> PROBLEM: Only these lines are needed: the first line of the entries below through the line with "Good morning, it's", each returned exactly.

=== Section Start ===

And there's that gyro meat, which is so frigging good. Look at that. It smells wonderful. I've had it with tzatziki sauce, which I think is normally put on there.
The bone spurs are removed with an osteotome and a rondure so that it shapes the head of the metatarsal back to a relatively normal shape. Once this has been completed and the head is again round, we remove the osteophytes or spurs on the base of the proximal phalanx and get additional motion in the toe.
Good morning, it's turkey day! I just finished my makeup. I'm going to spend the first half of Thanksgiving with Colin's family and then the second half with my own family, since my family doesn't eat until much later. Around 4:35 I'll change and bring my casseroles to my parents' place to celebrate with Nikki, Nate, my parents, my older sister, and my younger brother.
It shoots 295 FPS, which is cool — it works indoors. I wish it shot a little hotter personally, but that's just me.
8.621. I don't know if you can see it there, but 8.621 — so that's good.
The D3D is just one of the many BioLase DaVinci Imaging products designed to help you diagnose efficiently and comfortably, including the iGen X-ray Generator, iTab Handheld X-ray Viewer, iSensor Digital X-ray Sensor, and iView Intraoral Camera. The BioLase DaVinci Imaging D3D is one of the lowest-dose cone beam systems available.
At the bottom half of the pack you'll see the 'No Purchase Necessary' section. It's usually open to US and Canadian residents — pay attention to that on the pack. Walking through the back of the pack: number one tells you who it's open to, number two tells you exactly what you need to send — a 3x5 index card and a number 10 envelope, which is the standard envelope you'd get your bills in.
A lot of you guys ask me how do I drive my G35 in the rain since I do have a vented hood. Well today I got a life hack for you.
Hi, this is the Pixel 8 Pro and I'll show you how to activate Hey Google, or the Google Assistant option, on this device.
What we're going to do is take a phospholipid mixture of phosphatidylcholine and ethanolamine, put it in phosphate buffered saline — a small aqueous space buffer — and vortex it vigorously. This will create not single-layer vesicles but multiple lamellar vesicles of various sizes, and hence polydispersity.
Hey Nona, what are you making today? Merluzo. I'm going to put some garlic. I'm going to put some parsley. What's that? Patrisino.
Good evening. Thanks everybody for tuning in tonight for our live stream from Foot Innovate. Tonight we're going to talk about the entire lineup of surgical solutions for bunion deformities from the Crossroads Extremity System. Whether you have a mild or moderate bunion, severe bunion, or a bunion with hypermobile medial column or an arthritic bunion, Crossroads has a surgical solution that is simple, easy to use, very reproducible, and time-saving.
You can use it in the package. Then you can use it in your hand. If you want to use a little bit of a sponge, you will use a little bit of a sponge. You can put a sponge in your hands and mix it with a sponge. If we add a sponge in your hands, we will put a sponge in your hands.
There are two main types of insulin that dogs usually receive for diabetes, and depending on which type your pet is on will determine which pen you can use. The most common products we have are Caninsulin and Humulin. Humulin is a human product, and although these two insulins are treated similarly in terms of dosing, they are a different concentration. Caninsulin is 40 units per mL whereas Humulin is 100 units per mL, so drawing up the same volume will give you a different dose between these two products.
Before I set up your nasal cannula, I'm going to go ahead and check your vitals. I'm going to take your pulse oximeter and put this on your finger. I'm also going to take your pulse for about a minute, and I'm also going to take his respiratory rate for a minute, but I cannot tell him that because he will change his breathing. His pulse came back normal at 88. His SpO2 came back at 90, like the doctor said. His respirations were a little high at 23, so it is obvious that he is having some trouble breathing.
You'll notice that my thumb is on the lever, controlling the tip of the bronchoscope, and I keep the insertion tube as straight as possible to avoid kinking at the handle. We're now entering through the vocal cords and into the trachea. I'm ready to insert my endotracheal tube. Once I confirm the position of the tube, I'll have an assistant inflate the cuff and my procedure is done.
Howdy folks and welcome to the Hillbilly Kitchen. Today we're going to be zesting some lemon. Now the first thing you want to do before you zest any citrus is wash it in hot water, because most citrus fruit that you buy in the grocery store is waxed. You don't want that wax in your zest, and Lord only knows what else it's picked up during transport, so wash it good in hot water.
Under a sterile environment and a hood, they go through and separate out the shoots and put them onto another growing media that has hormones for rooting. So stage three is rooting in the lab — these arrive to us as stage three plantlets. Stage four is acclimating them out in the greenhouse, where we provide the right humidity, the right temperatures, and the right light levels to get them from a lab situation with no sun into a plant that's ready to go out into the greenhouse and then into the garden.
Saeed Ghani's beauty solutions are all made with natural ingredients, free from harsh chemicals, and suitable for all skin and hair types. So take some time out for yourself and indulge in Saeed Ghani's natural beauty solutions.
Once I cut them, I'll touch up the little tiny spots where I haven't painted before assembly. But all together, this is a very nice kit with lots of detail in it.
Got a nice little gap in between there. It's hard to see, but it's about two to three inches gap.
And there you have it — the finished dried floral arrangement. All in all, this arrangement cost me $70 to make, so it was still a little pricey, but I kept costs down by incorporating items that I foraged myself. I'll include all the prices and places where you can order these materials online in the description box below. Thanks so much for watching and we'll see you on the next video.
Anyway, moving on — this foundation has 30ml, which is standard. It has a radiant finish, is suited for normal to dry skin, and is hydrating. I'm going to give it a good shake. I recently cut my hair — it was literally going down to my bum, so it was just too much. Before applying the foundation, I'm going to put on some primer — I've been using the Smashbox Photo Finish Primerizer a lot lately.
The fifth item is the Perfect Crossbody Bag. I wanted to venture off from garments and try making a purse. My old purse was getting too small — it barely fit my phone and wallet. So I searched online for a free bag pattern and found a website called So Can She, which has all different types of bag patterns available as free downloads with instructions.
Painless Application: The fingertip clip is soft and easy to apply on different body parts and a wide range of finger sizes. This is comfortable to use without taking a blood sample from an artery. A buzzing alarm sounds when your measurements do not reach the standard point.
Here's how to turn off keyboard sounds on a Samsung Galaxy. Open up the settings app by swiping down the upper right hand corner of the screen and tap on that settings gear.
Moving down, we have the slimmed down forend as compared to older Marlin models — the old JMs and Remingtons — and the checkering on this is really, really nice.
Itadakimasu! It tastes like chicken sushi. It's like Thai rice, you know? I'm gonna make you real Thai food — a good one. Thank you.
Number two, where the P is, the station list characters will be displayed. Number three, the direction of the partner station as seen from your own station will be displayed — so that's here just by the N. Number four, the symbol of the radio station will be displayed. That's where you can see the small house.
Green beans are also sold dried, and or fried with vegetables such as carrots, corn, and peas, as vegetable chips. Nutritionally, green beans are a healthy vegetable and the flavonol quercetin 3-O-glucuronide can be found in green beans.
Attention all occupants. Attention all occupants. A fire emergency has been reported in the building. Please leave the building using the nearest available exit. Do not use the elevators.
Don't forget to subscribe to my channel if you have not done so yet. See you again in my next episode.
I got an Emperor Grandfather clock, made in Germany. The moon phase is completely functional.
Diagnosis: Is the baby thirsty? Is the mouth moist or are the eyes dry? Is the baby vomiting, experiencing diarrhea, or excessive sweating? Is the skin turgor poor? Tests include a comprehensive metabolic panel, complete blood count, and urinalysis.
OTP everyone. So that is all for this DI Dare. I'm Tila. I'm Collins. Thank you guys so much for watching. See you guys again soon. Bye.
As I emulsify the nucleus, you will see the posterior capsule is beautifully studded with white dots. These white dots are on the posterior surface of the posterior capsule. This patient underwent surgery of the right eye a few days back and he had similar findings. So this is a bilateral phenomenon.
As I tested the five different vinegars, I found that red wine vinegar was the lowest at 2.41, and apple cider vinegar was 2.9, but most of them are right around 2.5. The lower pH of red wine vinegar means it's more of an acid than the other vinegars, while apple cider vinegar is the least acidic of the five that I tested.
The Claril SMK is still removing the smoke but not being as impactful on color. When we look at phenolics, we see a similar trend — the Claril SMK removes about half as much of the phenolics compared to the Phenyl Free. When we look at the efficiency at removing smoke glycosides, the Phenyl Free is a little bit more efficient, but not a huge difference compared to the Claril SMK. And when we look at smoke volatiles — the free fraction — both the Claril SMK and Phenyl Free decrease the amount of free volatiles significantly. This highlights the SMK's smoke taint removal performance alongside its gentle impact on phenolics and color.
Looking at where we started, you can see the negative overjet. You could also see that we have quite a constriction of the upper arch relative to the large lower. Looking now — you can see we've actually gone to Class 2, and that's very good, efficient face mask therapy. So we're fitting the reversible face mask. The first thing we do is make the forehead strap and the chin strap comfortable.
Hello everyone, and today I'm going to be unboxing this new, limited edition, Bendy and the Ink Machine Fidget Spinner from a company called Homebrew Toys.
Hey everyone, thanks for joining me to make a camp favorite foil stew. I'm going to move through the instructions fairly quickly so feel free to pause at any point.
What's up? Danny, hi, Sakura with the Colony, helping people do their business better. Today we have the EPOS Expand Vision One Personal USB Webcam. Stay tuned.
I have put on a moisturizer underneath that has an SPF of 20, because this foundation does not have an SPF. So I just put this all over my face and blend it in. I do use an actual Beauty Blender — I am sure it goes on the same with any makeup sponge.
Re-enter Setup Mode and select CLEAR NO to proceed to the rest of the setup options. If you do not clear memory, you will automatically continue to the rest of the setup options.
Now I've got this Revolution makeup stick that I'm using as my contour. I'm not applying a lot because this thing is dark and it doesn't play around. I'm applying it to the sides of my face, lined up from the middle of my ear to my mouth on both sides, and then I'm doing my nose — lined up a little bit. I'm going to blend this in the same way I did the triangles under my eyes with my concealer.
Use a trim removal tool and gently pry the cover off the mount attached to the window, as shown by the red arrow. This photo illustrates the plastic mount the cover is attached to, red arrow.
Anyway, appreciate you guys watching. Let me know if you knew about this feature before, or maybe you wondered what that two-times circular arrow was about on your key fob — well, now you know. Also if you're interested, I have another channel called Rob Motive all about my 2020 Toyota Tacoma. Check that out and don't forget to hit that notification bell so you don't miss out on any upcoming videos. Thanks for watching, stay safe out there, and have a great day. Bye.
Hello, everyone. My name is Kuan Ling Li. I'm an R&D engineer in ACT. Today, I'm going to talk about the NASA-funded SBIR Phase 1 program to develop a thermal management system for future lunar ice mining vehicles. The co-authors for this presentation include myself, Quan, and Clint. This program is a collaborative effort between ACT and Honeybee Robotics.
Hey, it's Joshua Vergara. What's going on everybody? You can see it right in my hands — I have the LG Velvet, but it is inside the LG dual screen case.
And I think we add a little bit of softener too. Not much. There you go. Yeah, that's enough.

=== Section End ===

> ANSWER BOX:
And there's that gyro meat, which is so frigging good. Look at that. It smells wonderful. I've had it with tzatziki sauce, which I think is normally put on there.
The bone spurs are removed with an osteotome and a rondure so that it shapes the head of the metatarsal back to a relatively normal shape. Once this has been completed and the head is again round, we remove the osteophytes or spurs on the base of the proximal phalanx and get additional motion in the toe.
Good morning, it's turkey day! I just finished my makeup. I'm going to spend the first half of Thanksgiving with Colin's family and then the second half with my own family, since my family doesn't eat until much later. Around 4:35 I'll change and bring my casseroles to my parents' place to celebrate with Nikki, Nate, my parents, my older sister, and my younger brother.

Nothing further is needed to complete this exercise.